• **YOUR ASSIGNMENT**
With all pictures omitted, return verbatim the lines from the beginning of the records below through the line containing "DUKUNGAN: Wabup Dharmasraya".

• **EXTRACTED ENTRIES**

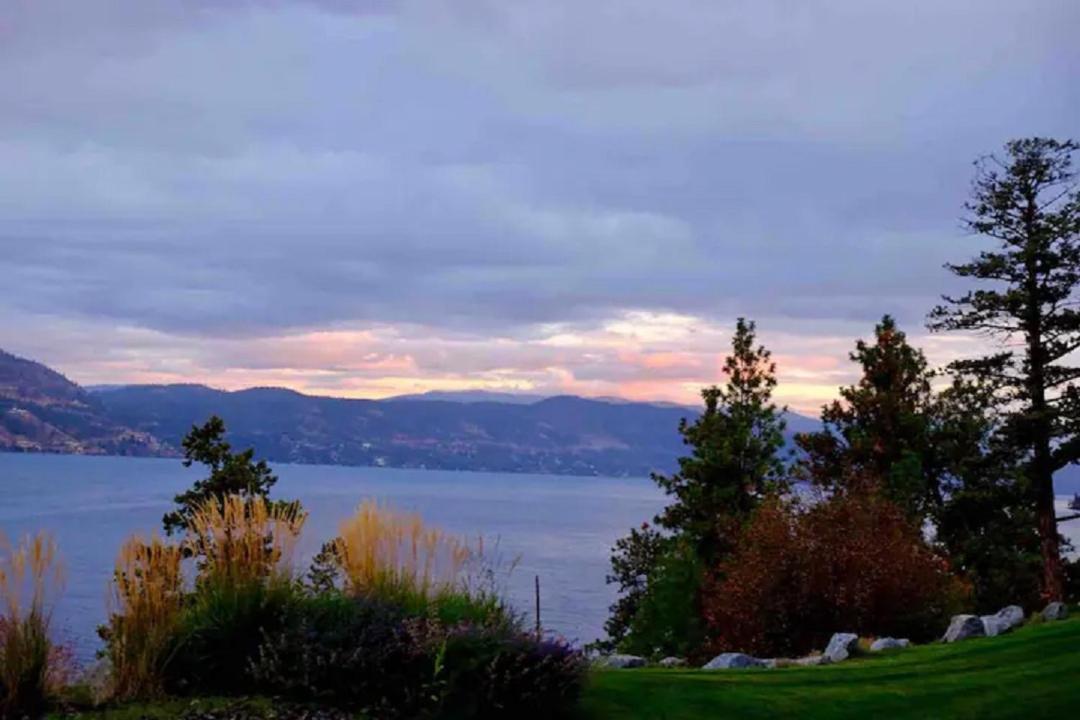 Cozystay Signature Lake Okanagan Resort เคโลว์นา ภายนอก รูปภาพ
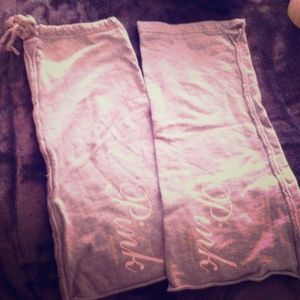 Very nice vs leg warmers one missing string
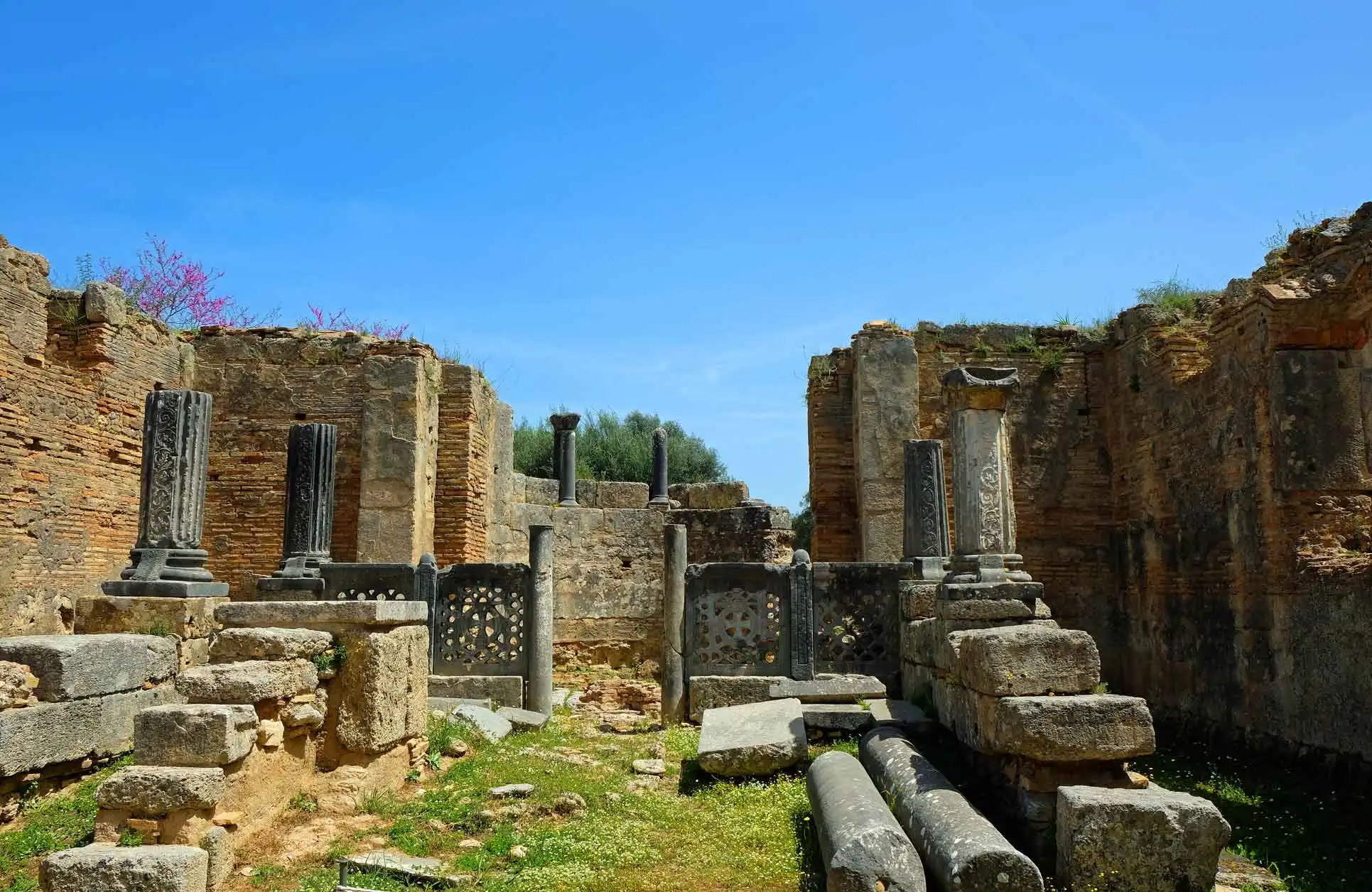 Die Werkstatt des Phidias, dem Erbauer der goldenen Zeusstatue, Teil des Wandkalenders "Von Olympia über Messene nach Mystras"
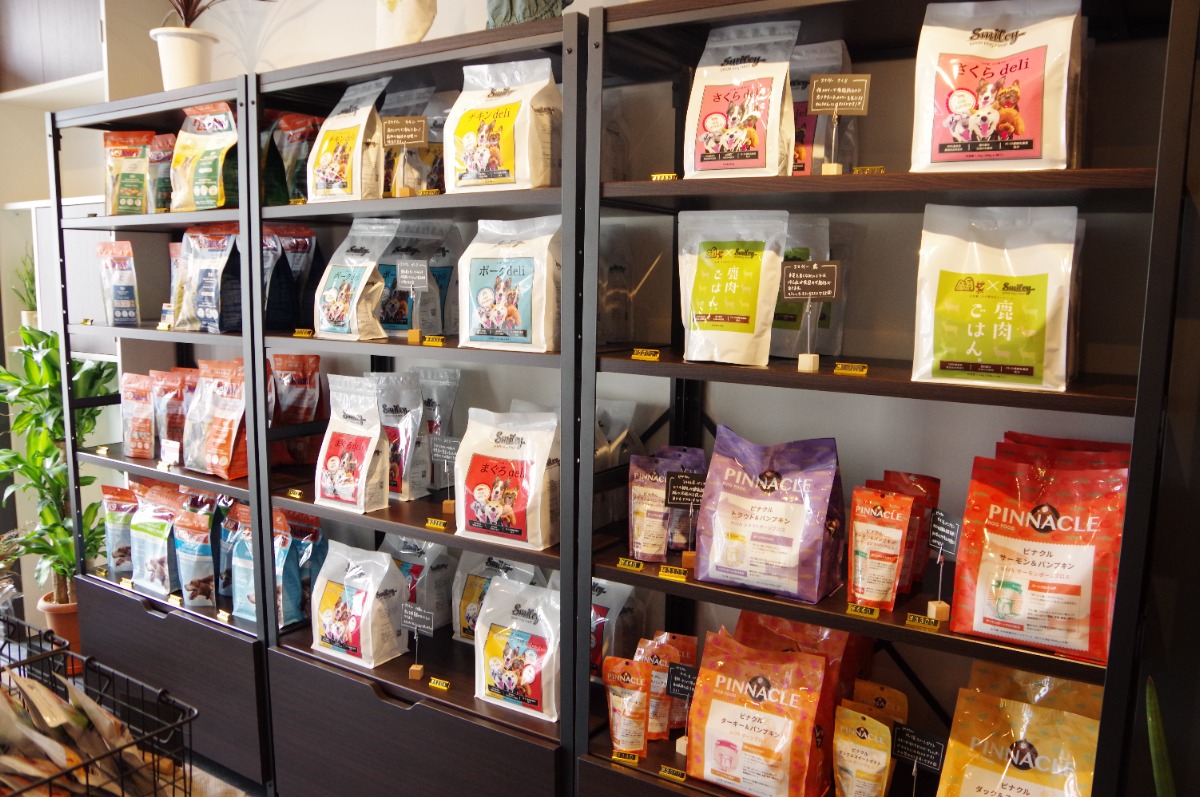 《ANIMAL BASKET》大切な家族の健やかな毎日をサポートする、犬と猫のごはんの専門店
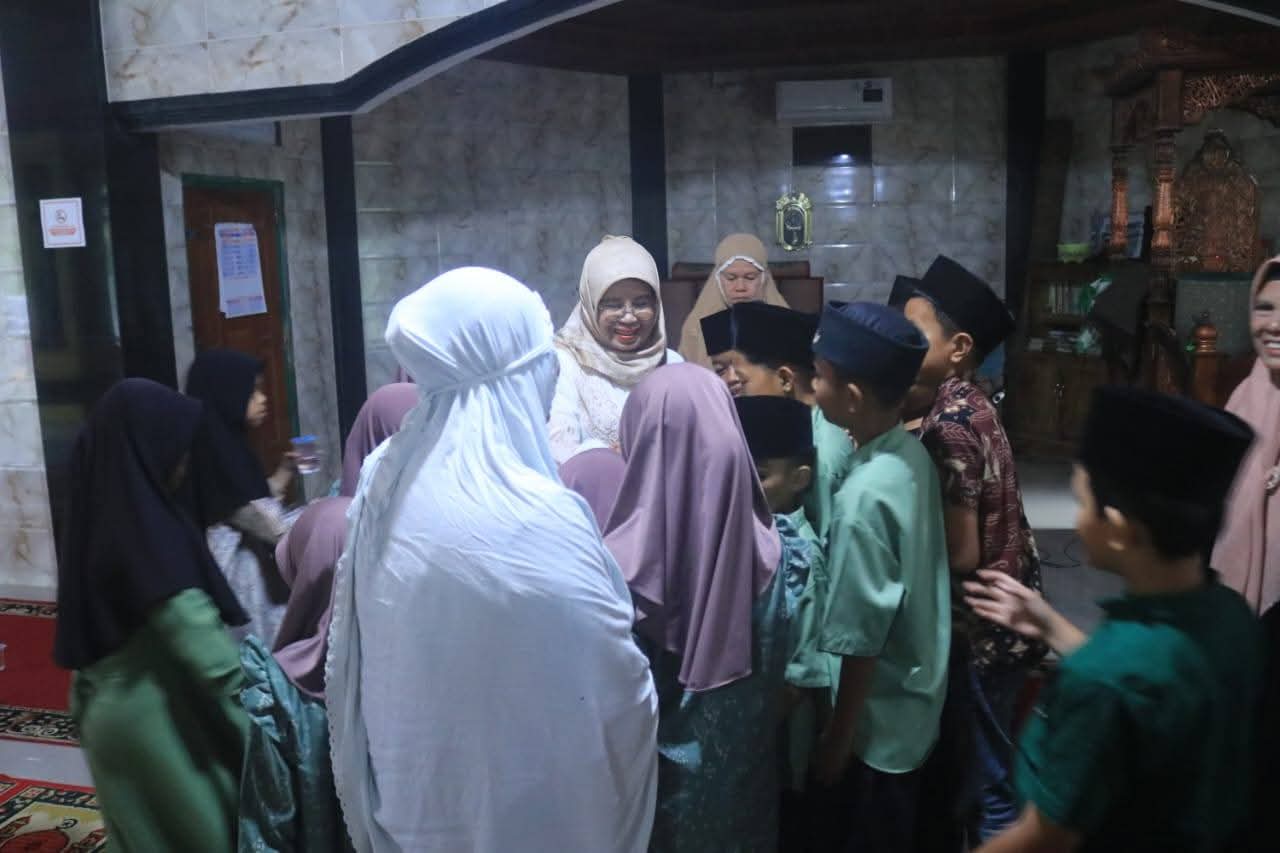 DUKUNGAN: Wabup Dharmasraya Leli Arni menghadiri Subuh Berjamaah dan Didikan Subuh di Masjid Nurul Huda, Nagari Silago, Minggu (14/9).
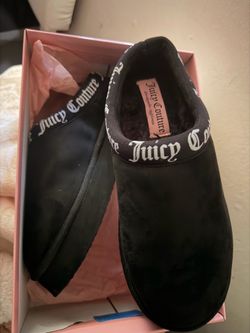 Juicy Couture Slippers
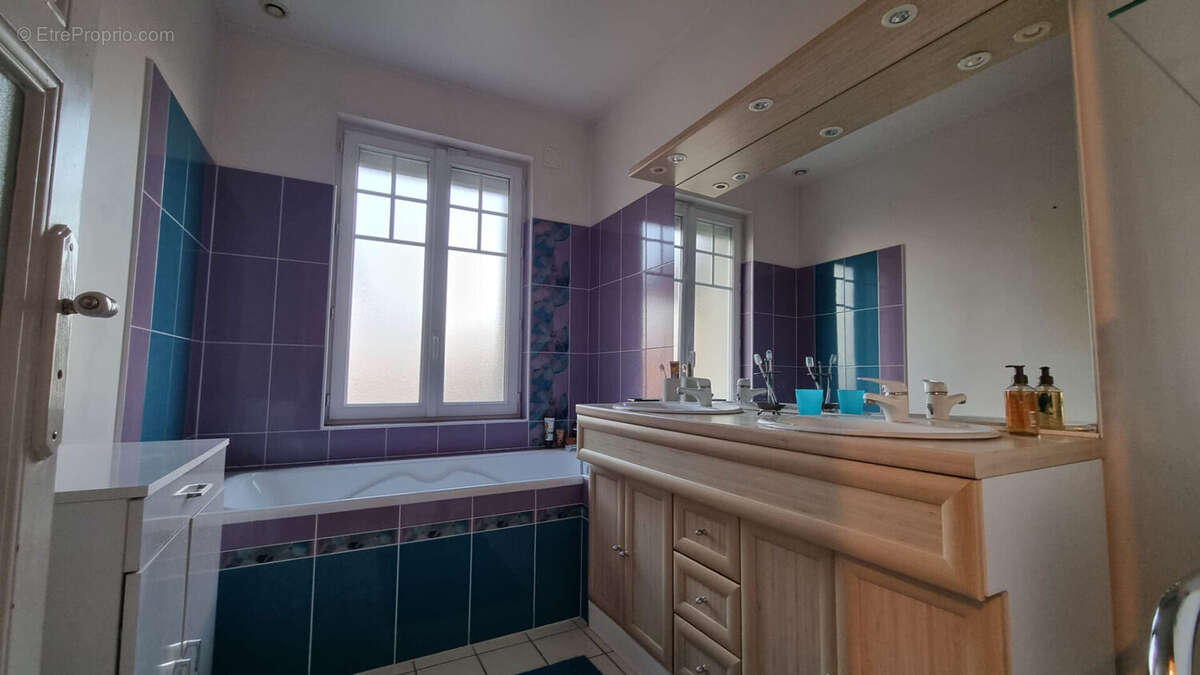 Maison à MANTES-LA-VILLE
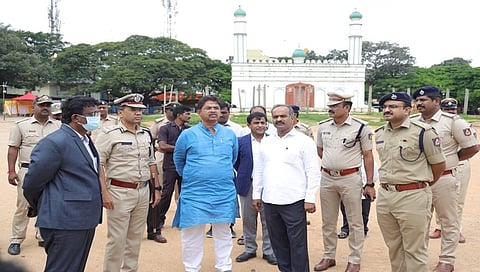 ಪರಿಶೀಲನೆ ನಡೆಸುತ್ತಿರುವ ಅಶೋಕ್
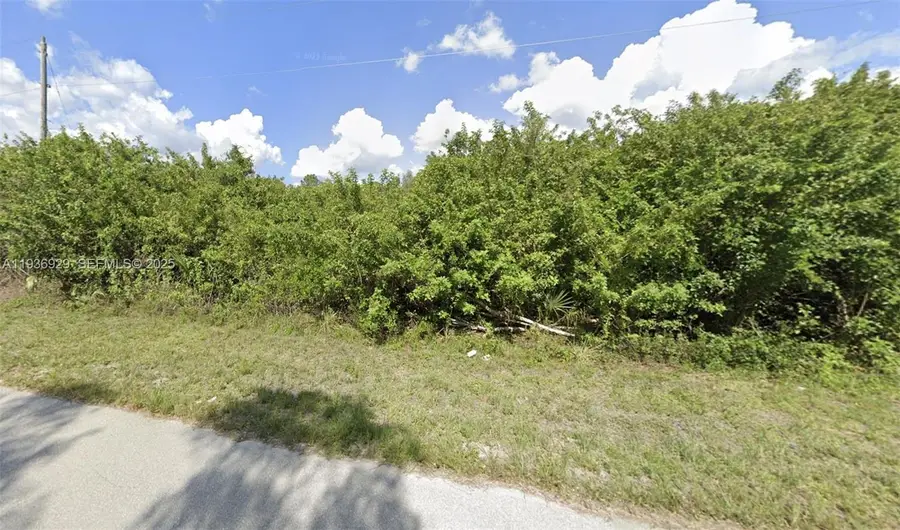 427 Parnell Avenue, Lehigh Acres, FL 33974 - #2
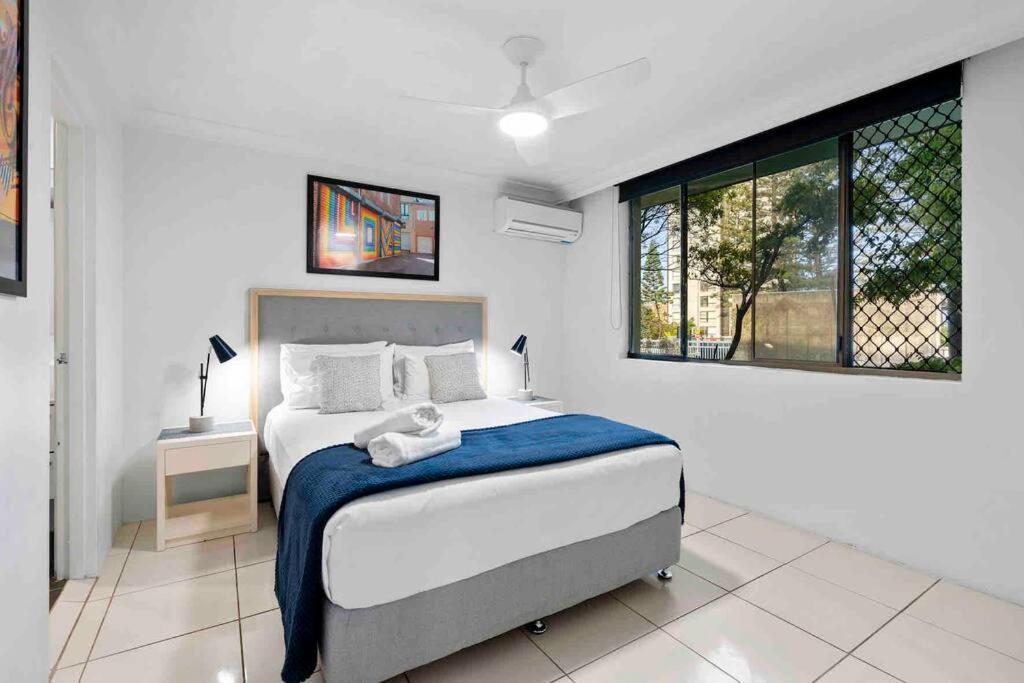 Surfers Paradise Beachside Retreat *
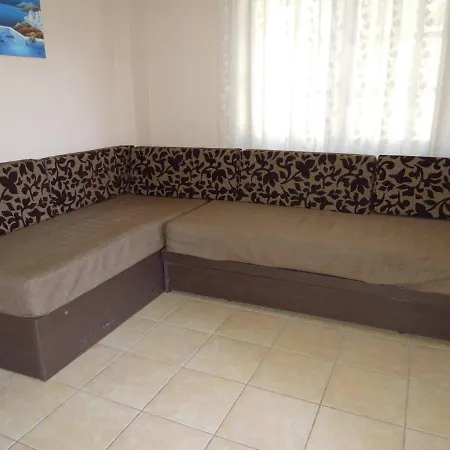 Nikolas Апартаменты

• **RESPONSE FOR THIS EXERCISE**
 Cozystay Signature Lake Okanagan Resort เคโลว์นา ภายนอก รูปภาพ
 Very nice vs leg warmers one missing string
 Die Werkstatt des Phidias, dem Erbauer der goldenen Zeusstatue, Teil des Wandkalenders "Von Olympia über Messene nach Mystras"
 《ANIMAL BASKET》大切な家族の健やかな毎日をサポートする、犬と猫のごはんの専門店
 DUKUNGAN: Wabup Dharmasraya Leli Arni menghadiri Subuh Berjamaah dan Didikan Subuh di Masjid Nurul Huda, Nagari Silago, Minggu (14/9).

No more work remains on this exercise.